[Instructions for the task]:
The whole listing is to be given again without alteration, except that its pictures are dropped.

-- Raw data follows --

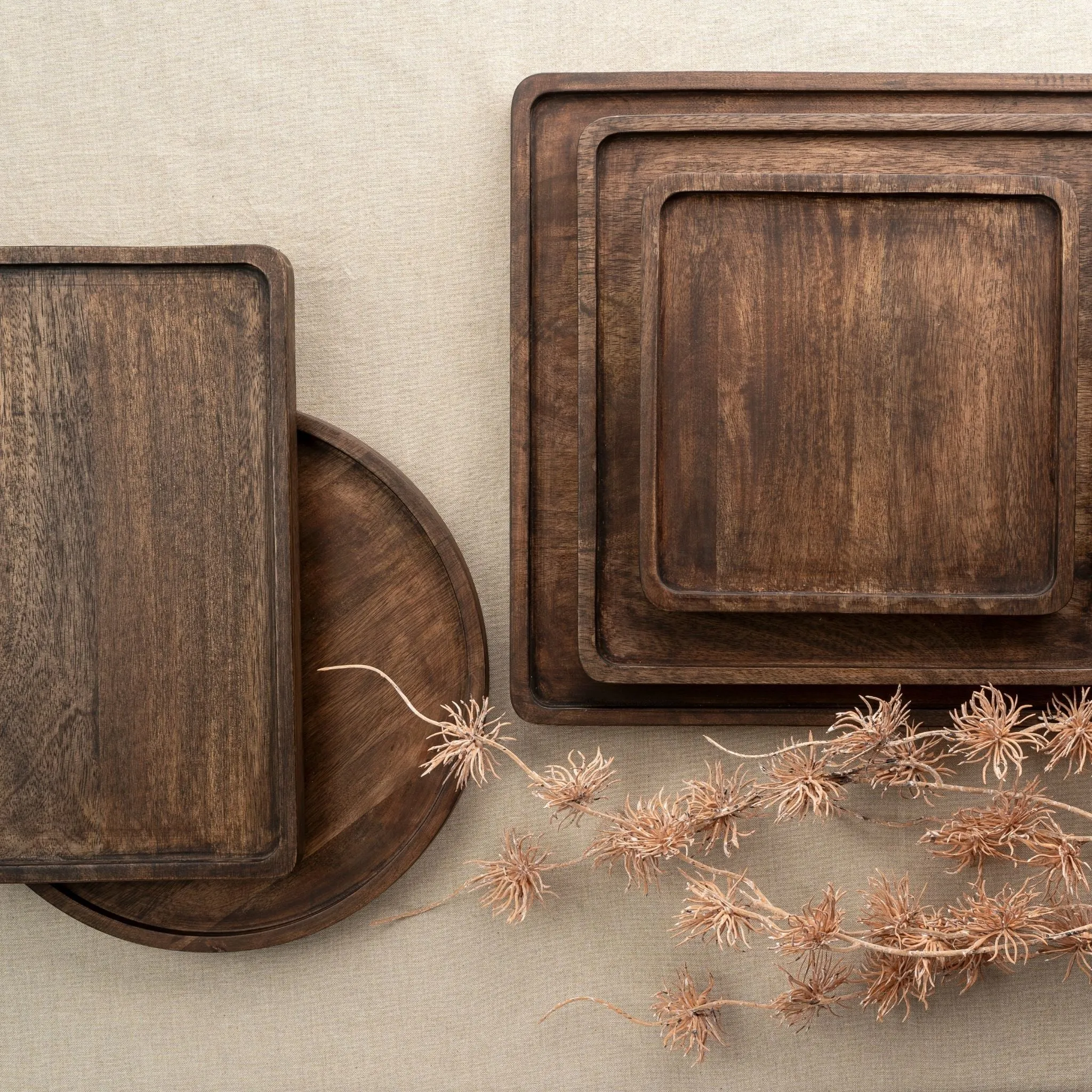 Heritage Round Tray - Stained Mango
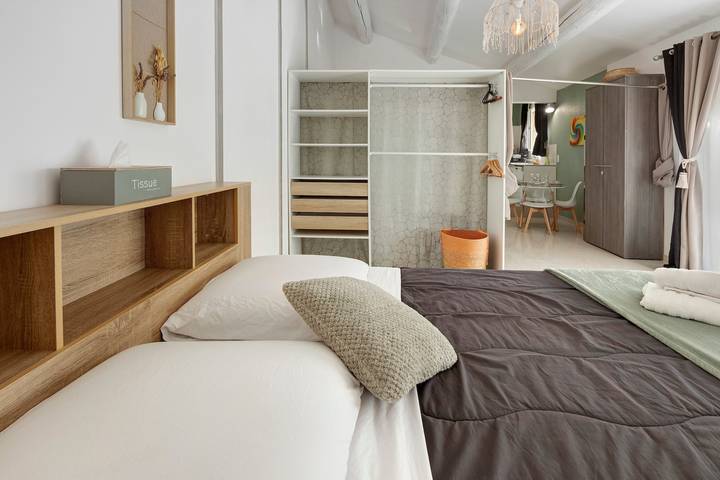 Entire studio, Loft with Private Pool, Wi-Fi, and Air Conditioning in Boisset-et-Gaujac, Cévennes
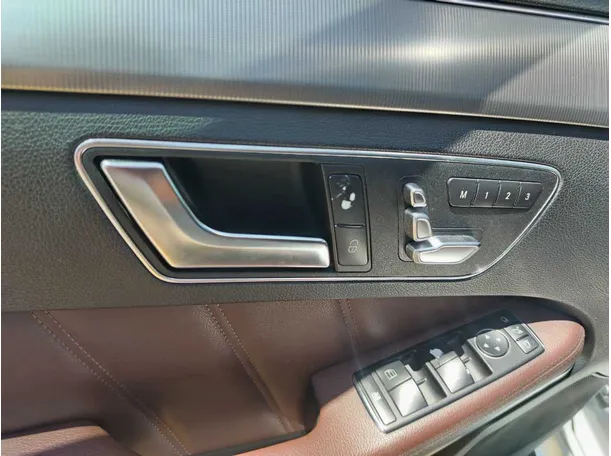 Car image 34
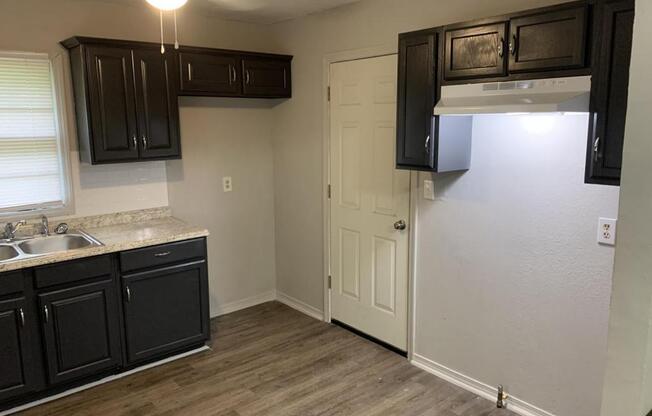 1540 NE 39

-- Raw data concluded --

[Worked solution]:
 Heritage Round Tray - Stained Mango
 Entire studio, Loft with Private Pool, Wi-Fi, and Air Conditioning in Boisset-et-Gaujac, Cévennes
 Car image 34
 1540 NE 39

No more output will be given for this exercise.